• **WORK TO BE COMPLETED**
Reproduce only this stretch of the listing below: from the line with "Sean John VINTAGE" through the line with "Cosy and classic", exactly as written, with pictures excluded.

• **DATA SUPPLIED**

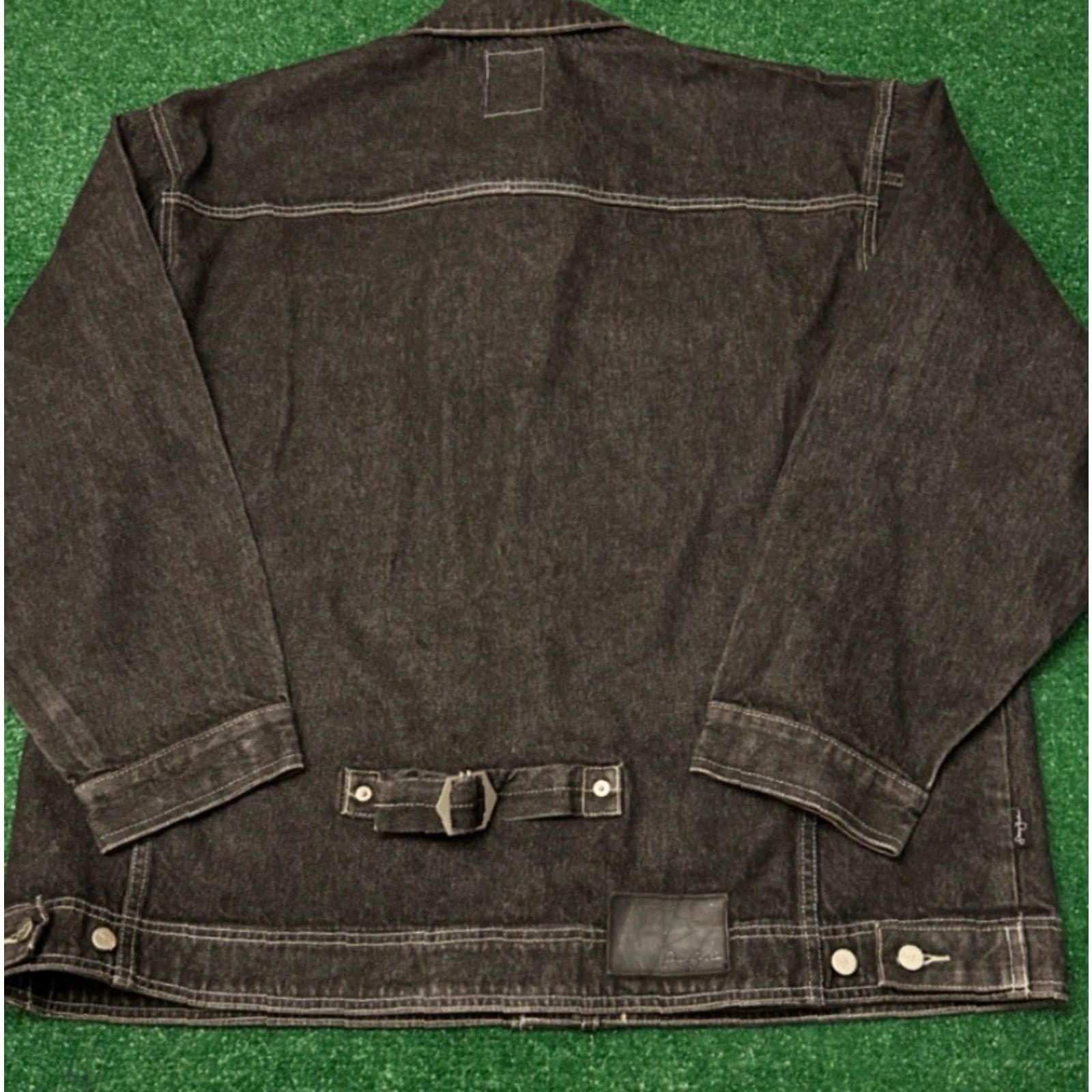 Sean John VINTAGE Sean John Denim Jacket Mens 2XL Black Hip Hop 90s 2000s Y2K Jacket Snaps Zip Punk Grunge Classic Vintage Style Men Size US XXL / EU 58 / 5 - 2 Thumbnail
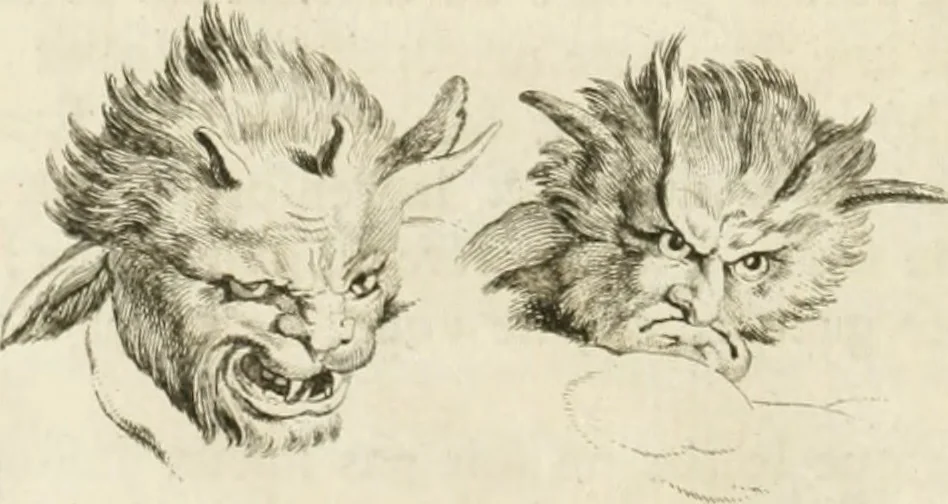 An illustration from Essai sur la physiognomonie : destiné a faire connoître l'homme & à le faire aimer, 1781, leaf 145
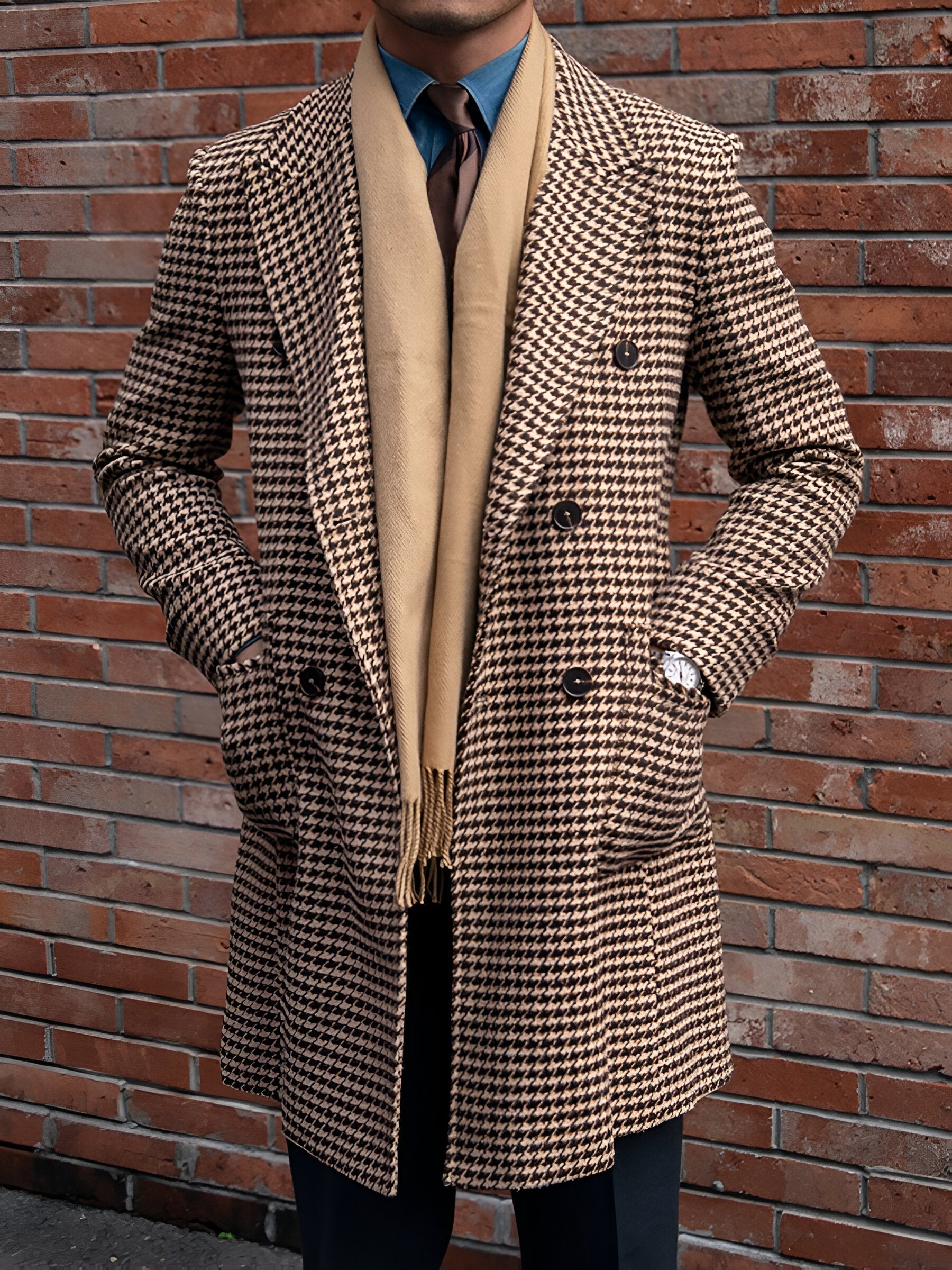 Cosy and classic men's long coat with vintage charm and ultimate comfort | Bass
...
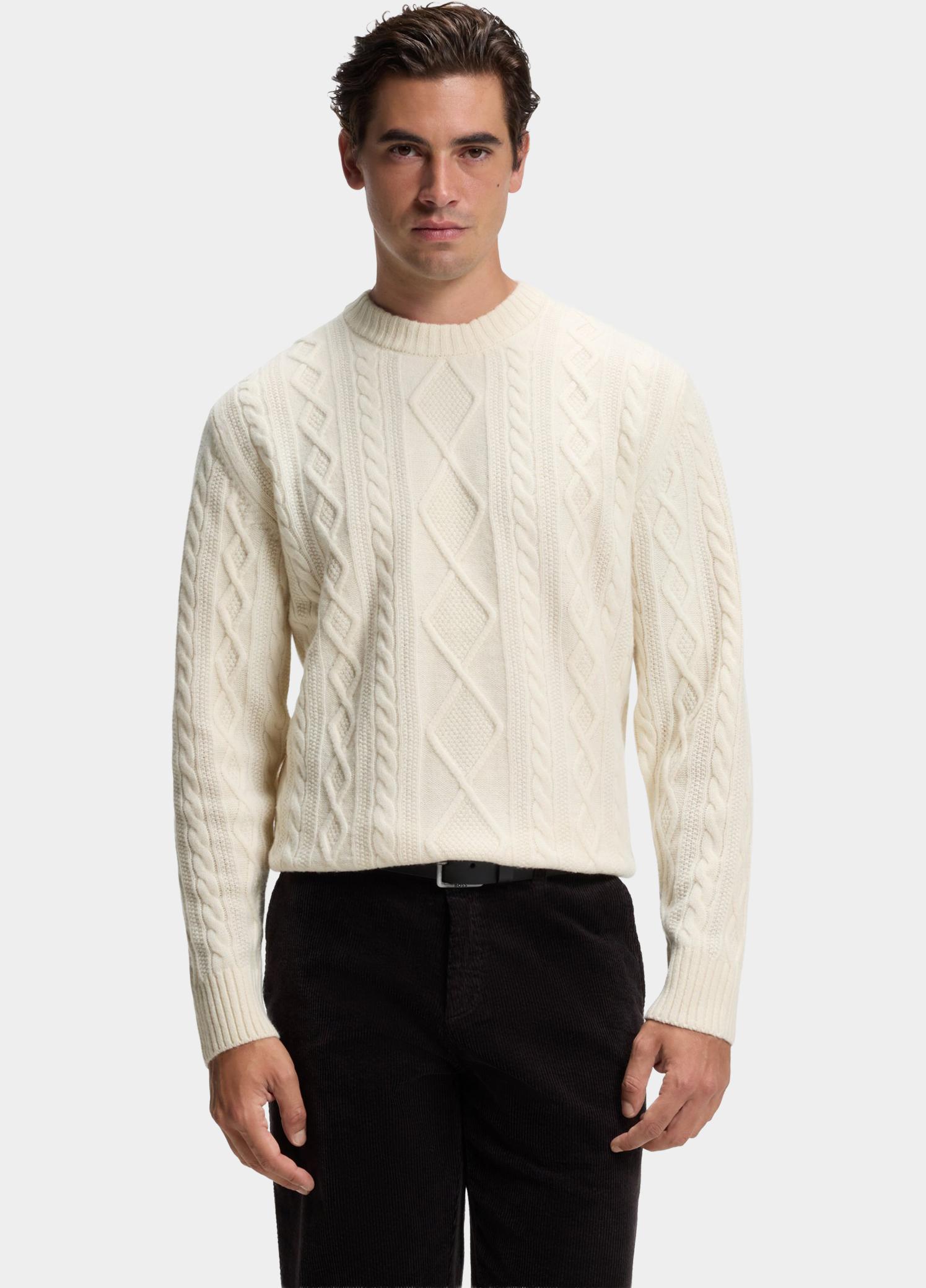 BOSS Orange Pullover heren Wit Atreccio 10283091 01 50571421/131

• **YOUR RESPONSE**
 Sean John VINTAGE Sean John Denim Jacket Mens 2XL Black Hip Hop 90s 2000s Y2K Jacket Snaps Zip Punk Grunge Classic Vintage Style Men Size US XXL / EU 58 / 5 - 2 Thumbnail
 An illustration from Essai sur la physiognomonie : destiné a faire connoître l'homme & à le faire aimer, 1781, leaf 145
 Cosy and classic men's long coat with vintage charm and ultimate comfort | Bass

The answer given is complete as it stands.